The answer is a big no. Let’s start with the first trait. While we may resent a spouse for leaving his or her dishes out, it rarely rises to the level of contempt. Gottman describes contempt as a combination of anger and disgust. As you can tell, it’s the disgust that makes this so unique and damaging. Likewise, while we may all criticize our spouse from time to time, it’s generally a bad sign if you begin criticizing a defect in your spouse. Think of it as criticizing an action versus criticizing a personality trait. Defensiveness and stonewalling are sort of two peas in a pod and they both speak to a couple’s inability to communicate openly and honestly. This, in turn, erodes trust and prevents relationship building. We all fight, but it’s important to admit your own faults, recognize your contributions to the conflict, and allow the other person to speak and be heard.

Gottman does have a few suggestions for couples.
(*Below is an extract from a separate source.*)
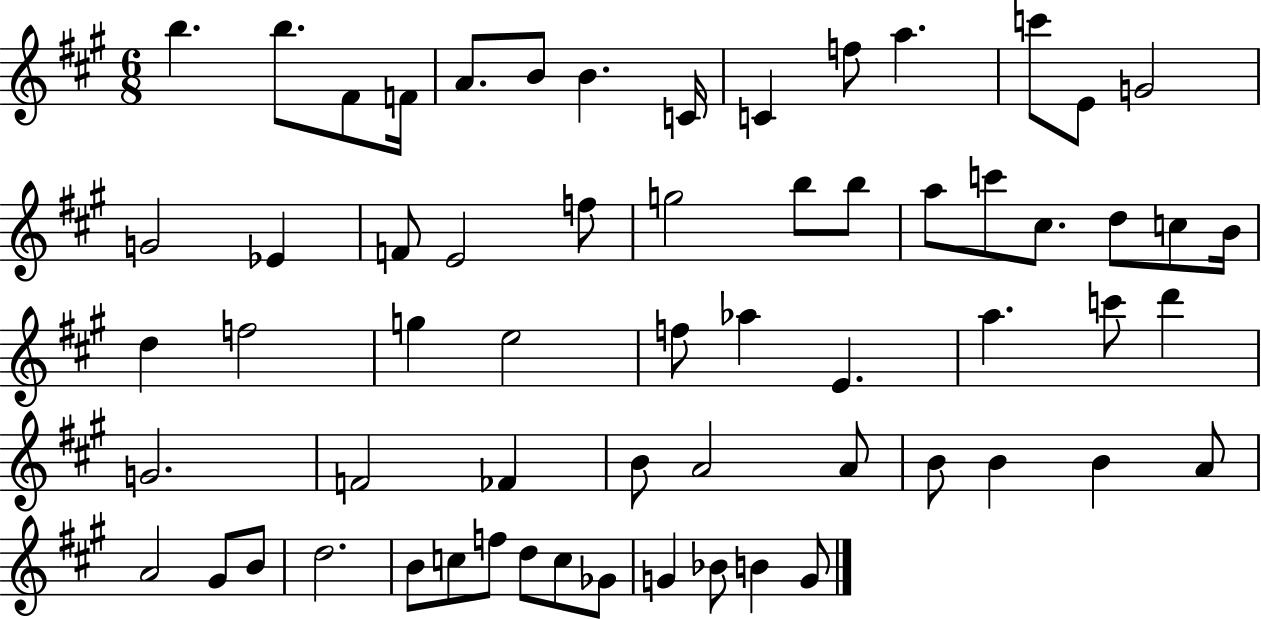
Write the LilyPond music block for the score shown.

I have pasted them in their entirety below.

  • Rather than phrasing a complaints as a criticism of your partner’s personality or traits, try to emphasize state attributions. Instead of complaining about your partner’s personality, raise complaints or problems about the situation or the behavior.
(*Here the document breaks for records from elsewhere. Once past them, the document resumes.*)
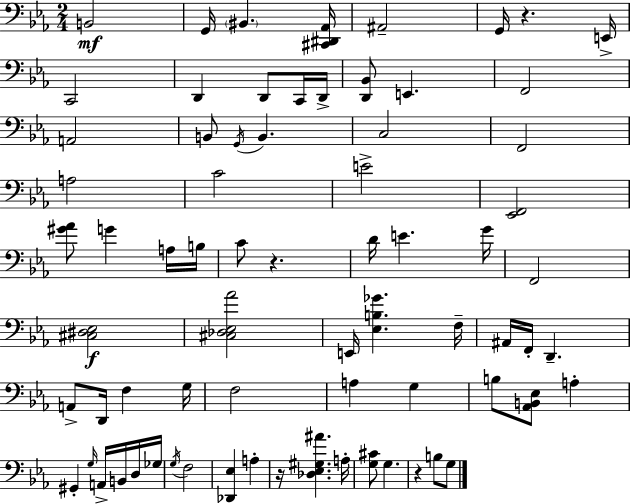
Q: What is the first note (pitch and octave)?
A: B2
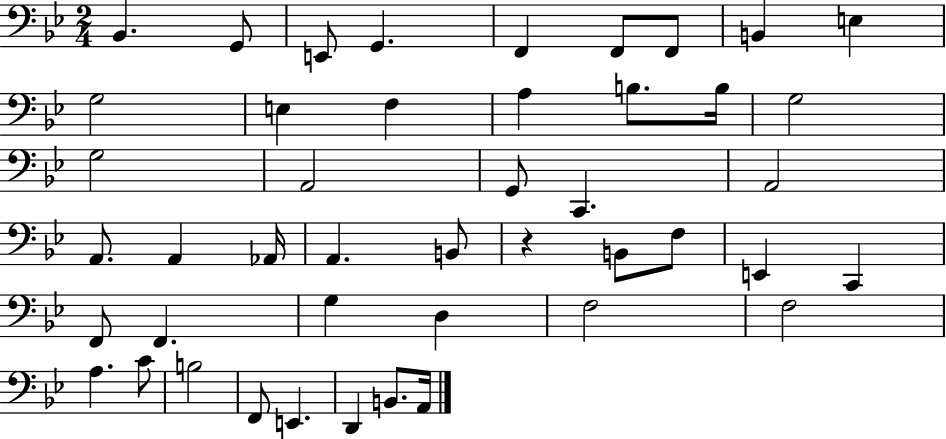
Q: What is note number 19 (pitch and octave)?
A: G2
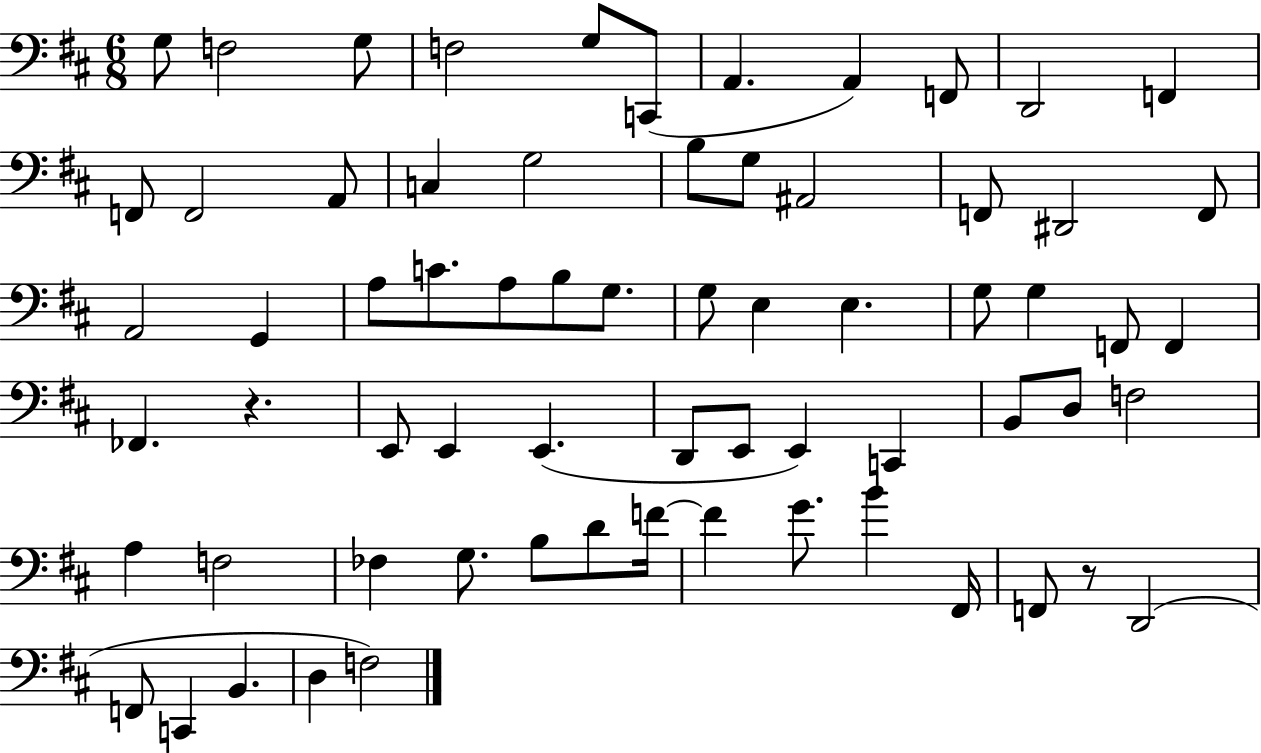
X:1
T:Untitled
M:6/8
L:1/4
K:D
G,/2 F,2 G,/2 F,2 G,/2 C,,/2 A,, A,, F,,/2 D,,2 F,, F,,/2 F,,2 A,,/2 C, G,2 B,/2 G,/2 ^A,,2 F,,/2 ^D,,2 F,,/2 A,,2 G,, A,/2 C/2 A,/2 B,/2 G,/2 G,/2 E, E, G,/2 G, F,,/2 F,, _F,, z E,,/2 E,, E,, D,,/2 E,,/2 E,, C,, B,,/2 D,/2 F,2 A, F,2 _F, G,/2 B,/2 D/2 F/4 F G/2 B ^F,,/4 F,,/2 z/2 D,,2 F,,/2 C,, B,, D, F,2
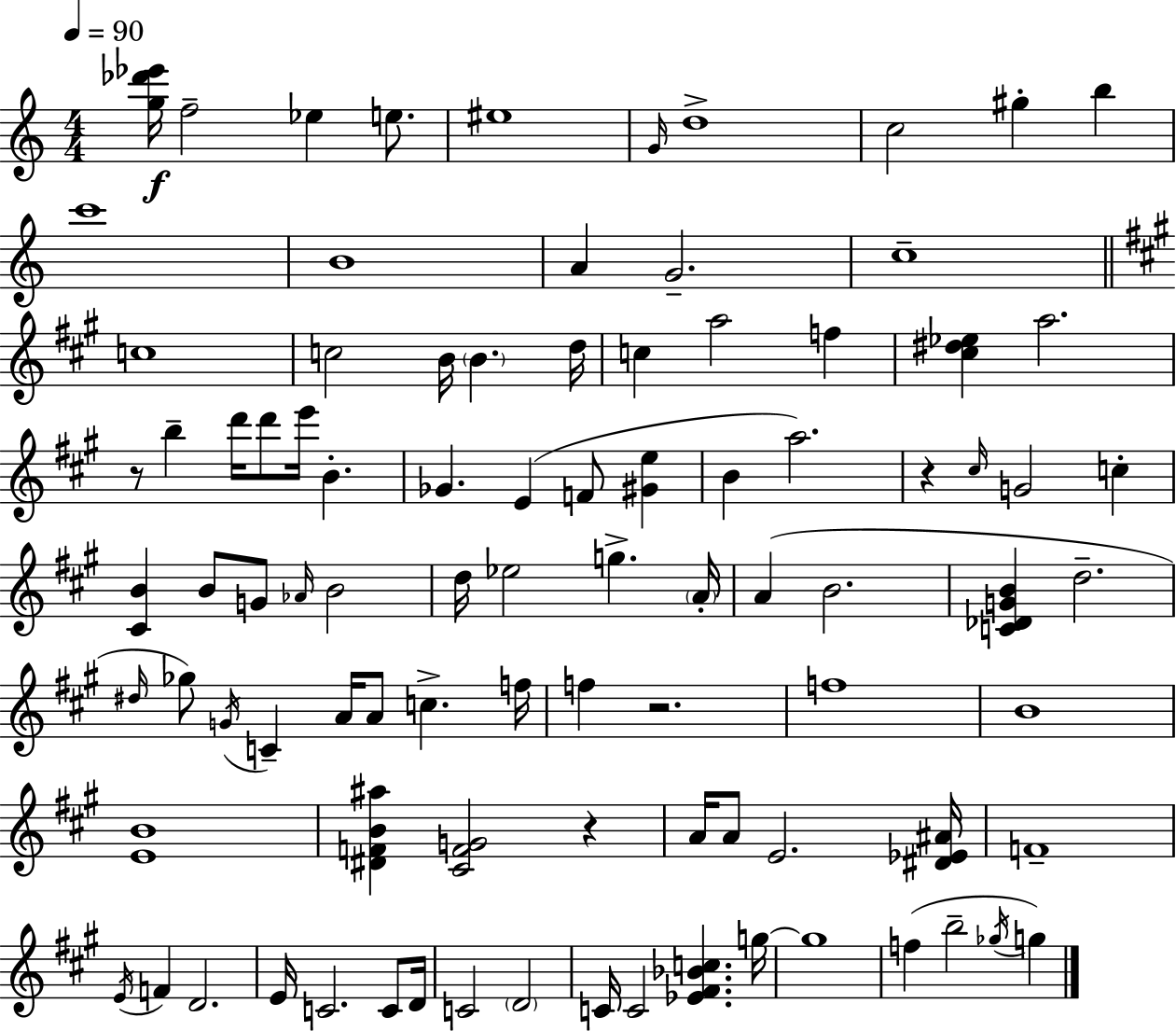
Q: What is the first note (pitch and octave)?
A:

  • Instead of “playing the victim” and getting defensive, accept responsibility for your role in a conflict. This doesn’t mean shouldering all of the blame; rather, it means recognizing and acknowledging anything that you might have done, or any way in which you are not blameless.
  • Build a “culture of appreciation,” so both partners see each other with respect and appreciation instead of contempt, resentment, and disgust. Emphasize the importance of respecting each other and seeing each others’ interests, hobbies, and passions as worthwhile.
  • If you are someone who frequently ends up stonewalling, or disengaging from potential conflict, figure out if this is because the fight is too overstimulating. If so, you can engage in something called “physiological self-soothing,” which basically just means taking deep breaths and trying to mindfully relax. By focusing on the breath and calming down, it can become easier to have a difficult conversation without becoming so emotionally overaroused that disengagement seems like the only way to cope.

It’s a great article and an easy read. Oh, and did I mention that Scientific American illustrated each one of these examples with clips from Keeping Up With The Kardashians? If that doesn’t sell you, I don’t know what will.